Table 1 Performance of the improved YOLOv5 models

Considering the above-mentioned discussions, real-time apple detection methods with lightweight models need to be further developed. Through a comprehensive survey of the improved YOLO target detection methods in the agricultural field, although most of the existing detection models have relatively high recognition accuracy, their increased complexity, parameters, and hardware requirements usually lead to low real-time performance. Therefore, designing a lightweight real-time apple detection algorithm is necessary to meet the requirements of real-time recognition of picking robots while ensuring recognition accuracy. In this paper, we propose an improved YOLOv5s-based real-time apple detection method to overcome the limitations of current apple recognition techniques. The major contributions of this paper are as follows:

  1. (i)

    The CA attention mechanism module has been incorporated into the backbone network and the neck network. In the backbone network, the CA attention mechanism can help the model automatically screen and focus on key feature channels, reduce unnecessary information redundancy, optimize model parameters, and reduce computational costs, thereby improving the efficiency and speed of the model. In the neck network, the CA attention mechanism can weight different feature channels during the feature fusion process, allowing the model to better integrate multi-scale and multi-level information, and enhance the diversity of features and the robustness of the model.

  2. (ii)

    The BiFPN block has been designed in the neck network, which first receives feature maps of different scales from across the region in the backbone, and then performs concat operation on these feature maps, which is named Bi-concat. BiFPN combines the mechanism of bi-directional feature propagation, can effectively fuse the features of different scales, and thus improves the ability of the model to characterize the object at different scales and levels.

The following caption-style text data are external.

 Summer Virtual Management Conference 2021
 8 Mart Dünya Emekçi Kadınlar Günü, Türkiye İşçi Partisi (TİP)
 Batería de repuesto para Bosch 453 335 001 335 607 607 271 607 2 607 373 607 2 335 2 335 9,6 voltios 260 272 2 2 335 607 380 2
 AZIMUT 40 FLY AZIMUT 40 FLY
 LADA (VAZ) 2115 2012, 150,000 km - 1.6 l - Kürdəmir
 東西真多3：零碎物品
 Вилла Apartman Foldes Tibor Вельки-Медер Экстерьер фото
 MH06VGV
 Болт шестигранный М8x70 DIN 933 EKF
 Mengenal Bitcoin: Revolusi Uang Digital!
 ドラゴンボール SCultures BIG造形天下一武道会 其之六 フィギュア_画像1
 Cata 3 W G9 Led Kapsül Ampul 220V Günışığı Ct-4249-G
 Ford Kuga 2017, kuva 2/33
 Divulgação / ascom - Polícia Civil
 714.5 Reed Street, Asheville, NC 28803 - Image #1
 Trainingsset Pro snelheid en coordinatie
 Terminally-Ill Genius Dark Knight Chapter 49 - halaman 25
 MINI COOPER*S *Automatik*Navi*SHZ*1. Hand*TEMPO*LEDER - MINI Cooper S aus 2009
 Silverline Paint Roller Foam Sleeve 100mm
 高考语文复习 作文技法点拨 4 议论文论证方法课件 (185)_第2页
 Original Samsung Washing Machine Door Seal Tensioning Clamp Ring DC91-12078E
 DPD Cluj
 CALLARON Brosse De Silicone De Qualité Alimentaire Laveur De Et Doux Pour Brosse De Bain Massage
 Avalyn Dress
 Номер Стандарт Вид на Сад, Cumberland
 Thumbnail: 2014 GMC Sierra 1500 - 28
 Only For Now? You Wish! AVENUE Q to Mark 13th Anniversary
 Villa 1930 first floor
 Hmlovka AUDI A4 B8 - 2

Besides, the BiFPN block makes the information transfer of the feature pyramid more balanced and effective through multiple iterations of feature fusion and updating, contributing to improved accuracy and stability of the object detection model. At the same time, it assists the model to better understand the location and size of the object in the image, thus improving the accuracy of object localization.

  3. (iii)

    The new detection head has been added in the head network. As the resolution of the feature maps used for small object detection increases, the local receptive field of the feature maps shrinks accordingly, which allows the network to detect more small objects with lower resolution. The addition of this detection head enables the use of high-resolution feature maps to detect smaller objects that are farther away, thereby improving the accuracy of object detection and localization.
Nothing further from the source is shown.